That Latin American countries also have their adobo—prepared mainly with pork, tomatoes, vinegar and spices such as garlic and red pepper—has served only to bolster this claim.
Still, what to make of the fact that the Filipino adobo has soy sauce (or toyo, as it is called by Filipinos), which was introduced by the Chinese who had traded and interacted with Filipinos many centuries before the arrival of Spaniards?
Filipino historian Ambeth Ocampo insists that the dish is indigenous to the Philippines. The term adobo “was used by the Spaniards to describe the food they encountered on the (Philippine) islands,” he says. What did Filipinos call adobo before the Spaniards arrived in the 1500s? “That is lost to history,” he notes in a column for the Philippine Daily Inquirer, Looking Back: ‘Adobo’ in many forms.
Indigenous to the Philippines or not, adobo is here to stay.

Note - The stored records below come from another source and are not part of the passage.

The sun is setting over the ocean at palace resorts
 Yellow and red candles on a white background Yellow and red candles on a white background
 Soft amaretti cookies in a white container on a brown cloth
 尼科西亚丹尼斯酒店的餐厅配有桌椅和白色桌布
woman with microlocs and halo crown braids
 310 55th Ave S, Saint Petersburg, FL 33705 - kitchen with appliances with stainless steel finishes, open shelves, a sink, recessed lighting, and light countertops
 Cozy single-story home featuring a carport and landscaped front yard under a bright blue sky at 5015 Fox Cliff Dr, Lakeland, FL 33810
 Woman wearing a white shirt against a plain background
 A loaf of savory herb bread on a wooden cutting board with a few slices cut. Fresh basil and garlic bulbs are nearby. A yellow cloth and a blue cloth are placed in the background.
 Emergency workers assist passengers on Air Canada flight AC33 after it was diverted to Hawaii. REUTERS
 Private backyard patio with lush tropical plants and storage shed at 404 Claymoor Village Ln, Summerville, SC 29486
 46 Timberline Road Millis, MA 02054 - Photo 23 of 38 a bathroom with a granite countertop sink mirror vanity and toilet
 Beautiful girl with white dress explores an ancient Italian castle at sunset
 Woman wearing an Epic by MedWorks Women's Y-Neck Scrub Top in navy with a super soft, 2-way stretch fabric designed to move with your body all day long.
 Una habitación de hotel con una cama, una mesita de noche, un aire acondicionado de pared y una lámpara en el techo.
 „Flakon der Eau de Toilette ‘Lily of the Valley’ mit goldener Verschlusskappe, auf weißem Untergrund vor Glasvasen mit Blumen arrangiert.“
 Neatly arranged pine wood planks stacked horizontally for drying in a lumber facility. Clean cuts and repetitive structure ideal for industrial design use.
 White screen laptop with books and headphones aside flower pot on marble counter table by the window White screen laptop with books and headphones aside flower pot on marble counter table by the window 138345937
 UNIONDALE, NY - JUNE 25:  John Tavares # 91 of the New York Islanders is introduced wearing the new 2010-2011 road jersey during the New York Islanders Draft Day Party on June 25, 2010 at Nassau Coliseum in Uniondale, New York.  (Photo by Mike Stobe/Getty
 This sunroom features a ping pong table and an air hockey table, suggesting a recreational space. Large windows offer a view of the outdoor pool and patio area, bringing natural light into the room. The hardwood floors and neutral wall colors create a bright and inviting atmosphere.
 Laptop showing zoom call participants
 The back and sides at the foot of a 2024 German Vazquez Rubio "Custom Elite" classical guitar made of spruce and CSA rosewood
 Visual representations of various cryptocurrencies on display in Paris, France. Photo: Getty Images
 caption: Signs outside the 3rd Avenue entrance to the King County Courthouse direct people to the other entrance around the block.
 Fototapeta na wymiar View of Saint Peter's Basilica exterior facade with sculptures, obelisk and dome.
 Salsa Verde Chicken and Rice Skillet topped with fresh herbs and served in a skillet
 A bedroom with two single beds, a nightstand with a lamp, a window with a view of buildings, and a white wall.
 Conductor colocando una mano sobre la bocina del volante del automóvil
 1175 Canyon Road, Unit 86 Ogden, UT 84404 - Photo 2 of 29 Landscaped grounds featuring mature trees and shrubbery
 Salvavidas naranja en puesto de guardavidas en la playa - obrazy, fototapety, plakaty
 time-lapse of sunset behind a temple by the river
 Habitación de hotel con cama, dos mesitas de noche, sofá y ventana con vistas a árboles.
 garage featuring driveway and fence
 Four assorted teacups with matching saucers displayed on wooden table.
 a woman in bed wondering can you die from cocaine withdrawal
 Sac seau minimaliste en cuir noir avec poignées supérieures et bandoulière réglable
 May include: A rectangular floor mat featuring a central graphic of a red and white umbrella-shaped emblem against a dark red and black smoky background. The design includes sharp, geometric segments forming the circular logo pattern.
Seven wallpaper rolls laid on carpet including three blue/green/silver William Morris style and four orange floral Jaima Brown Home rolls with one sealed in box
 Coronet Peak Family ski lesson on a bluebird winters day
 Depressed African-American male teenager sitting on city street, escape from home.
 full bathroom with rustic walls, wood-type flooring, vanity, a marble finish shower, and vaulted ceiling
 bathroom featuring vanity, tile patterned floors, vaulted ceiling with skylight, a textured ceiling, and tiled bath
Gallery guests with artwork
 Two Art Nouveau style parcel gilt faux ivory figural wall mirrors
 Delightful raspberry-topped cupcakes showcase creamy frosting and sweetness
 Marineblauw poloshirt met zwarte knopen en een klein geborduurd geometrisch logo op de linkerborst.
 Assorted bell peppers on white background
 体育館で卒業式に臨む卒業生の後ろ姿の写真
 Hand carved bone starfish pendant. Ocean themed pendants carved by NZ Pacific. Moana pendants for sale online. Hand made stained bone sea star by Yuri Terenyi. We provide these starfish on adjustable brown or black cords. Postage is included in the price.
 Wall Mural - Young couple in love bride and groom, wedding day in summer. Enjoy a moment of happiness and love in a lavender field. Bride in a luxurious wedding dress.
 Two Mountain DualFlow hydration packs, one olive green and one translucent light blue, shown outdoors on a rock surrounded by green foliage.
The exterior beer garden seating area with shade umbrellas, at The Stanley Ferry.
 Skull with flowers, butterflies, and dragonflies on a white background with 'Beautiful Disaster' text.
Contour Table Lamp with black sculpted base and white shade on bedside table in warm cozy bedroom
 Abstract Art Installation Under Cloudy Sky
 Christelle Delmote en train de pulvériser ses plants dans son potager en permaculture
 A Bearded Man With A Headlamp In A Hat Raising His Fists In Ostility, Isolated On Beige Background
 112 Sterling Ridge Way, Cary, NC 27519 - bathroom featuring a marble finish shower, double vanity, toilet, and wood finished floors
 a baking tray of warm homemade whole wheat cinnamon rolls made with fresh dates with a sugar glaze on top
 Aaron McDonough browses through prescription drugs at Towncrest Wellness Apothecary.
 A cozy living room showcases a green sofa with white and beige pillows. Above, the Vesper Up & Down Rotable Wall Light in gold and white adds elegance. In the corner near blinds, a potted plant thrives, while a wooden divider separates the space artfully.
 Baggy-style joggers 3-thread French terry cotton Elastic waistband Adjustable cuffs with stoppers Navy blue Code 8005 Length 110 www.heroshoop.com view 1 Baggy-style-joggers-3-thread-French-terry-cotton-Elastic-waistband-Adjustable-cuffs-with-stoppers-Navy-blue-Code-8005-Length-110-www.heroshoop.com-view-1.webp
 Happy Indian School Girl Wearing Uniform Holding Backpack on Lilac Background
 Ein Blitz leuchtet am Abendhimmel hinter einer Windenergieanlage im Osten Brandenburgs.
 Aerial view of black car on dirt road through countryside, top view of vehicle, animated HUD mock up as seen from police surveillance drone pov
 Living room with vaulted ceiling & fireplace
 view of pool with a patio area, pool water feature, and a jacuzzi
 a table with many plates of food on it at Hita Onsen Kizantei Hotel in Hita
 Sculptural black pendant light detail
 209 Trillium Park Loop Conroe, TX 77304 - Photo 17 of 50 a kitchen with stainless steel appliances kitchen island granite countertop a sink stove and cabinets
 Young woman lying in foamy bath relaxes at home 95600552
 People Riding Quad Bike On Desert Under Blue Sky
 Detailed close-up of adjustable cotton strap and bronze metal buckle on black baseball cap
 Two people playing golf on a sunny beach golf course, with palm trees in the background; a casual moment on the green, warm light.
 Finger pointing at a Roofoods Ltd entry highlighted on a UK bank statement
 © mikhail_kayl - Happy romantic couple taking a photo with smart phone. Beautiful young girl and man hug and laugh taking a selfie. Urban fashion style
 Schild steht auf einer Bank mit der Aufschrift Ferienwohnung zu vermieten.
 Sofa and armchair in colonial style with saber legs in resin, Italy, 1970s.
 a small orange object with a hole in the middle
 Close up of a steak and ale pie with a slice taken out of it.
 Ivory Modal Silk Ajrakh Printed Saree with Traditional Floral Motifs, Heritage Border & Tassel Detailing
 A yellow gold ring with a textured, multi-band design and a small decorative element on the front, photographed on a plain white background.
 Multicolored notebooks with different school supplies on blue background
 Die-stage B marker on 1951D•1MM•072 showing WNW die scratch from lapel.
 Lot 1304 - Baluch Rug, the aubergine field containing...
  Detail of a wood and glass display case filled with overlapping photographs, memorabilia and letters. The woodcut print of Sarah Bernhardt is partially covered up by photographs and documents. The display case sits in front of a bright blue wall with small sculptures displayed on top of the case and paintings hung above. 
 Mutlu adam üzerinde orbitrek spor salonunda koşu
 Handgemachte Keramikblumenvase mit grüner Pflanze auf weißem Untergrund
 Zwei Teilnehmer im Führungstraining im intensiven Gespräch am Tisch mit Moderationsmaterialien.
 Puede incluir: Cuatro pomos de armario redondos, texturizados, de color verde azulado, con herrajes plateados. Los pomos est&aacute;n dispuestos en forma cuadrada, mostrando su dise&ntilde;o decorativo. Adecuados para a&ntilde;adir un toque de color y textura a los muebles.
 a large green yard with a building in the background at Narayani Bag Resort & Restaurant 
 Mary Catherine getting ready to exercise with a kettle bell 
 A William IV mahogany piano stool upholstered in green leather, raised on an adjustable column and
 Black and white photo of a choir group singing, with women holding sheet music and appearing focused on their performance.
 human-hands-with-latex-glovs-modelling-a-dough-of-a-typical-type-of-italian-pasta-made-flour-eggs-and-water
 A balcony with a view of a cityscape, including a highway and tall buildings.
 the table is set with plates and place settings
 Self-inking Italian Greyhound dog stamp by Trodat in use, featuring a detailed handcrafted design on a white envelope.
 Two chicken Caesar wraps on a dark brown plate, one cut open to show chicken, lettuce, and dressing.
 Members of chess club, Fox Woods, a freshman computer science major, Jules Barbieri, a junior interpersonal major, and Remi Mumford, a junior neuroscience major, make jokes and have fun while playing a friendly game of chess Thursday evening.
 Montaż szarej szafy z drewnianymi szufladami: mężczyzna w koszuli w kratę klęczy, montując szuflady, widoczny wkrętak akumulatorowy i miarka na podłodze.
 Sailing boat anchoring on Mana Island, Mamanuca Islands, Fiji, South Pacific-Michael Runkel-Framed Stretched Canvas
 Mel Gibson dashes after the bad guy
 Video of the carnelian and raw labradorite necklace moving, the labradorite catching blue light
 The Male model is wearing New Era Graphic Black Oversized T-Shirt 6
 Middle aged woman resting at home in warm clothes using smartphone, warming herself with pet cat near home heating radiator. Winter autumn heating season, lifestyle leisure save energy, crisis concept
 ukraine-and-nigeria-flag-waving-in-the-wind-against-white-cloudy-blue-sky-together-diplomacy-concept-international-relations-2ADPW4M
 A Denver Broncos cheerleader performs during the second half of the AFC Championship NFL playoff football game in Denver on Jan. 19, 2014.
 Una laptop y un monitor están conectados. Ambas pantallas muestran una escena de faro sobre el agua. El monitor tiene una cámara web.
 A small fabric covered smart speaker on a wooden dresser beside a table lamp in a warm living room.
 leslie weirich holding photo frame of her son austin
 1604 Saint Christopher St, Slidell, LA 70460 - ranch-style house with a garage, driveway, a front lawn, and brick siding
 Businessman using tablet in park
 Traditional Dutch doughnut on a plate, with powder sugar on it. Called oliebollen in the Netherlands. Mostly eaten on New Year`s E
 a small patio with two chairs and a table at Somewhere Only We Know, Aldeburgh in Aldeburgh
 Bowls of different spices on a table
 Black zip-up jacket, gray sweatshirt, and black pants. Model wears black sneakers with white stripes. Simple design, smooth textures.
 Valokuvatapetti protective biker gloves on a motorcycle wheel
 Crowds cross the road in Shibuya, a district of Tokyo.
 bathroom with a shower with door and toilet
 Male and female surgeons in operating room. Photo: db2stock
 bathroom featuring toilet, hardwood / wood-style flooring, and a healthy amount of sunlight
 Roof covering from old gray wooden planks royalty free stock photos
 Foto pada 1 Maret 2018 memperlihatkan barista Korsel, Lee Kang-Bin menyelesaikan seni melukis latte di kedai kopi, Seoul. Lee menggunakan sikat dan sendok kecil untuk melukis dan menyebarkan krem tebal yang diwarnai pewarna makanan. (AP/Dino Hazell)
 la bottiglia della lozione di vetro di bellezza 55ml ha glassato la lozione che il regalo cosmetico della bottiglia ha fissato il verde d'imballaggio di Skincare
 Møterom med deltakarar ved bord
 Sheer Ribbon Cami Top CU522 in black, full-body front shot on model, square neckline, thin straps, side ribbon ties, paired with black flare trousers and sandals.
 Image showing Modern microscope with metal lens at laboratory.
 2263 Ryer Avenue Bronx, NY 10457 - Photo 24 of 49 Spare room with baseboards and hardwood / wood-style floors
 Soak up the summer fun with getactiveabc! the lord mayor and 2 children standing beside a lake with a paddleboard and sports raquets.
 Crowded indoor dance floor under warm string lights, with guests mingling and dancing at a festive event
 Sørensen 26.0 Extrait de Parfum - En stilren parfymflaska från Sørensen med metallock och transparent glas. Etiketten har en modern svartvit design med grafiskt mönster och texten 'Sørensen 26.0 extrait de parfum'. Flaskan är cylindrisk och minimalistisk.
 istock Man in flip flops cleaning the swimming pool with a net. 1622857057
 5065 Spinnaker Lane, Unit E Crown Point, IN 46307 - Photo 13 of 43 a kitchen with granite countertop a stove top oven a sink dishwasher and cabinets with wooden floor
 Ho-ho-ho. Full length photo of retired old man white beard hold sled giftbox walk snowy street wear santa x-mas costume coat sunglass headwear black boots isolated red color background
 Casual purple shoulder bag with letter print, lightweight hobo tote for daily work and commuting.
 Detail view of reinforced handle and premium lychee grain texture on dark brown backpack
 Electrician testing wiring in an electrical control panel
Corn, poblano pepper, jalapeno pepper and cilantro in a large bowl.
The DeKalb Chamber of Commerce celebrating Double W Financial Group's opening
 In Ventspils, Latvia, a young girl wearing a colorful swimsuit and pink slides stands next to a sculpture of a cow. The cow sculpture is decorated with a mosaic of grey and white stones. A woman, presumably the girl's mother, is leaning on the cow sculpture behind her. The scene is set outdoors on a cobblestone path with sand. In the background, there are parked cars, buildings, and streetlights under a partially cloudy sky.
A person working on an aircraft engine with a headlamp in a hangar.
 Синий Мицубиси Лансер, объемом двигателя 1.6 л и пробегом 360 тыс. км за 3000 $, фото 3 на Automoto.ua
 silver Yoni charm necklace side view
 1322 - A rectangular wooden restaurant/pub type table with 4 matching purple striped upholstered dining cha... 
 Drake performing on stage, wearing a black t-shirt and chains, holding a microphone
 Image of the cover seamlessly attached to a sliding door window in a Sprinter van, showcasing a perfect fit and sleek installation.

#adobo #Filipinofood #Philippines
My partner (who has an Italian-German American background) has learned to make adobo, and it's very good -- it's also very much his own; and I think that's the beauty of adobo -- it's very adaptable, from Peruvians who cook pork adobo in a clay pot, to Spaniards who rub adobo spices into big hunks of smoked pork loin, to Filipinos' vinegary stew. I looked it up online to try to find the source of Philippine adobo; it really does look like it's indigenous, but the colonizers saw that it resembled Spanish or Portuguese adobo, so that named it that. How did we lose the Philippine name for it? It must be in our collective memory somewhere. . . Anyway -- nice to see Leny Strobel's poem (she's a friend of mine!) and thanks for posting this --I happened to read it just after eating adobo!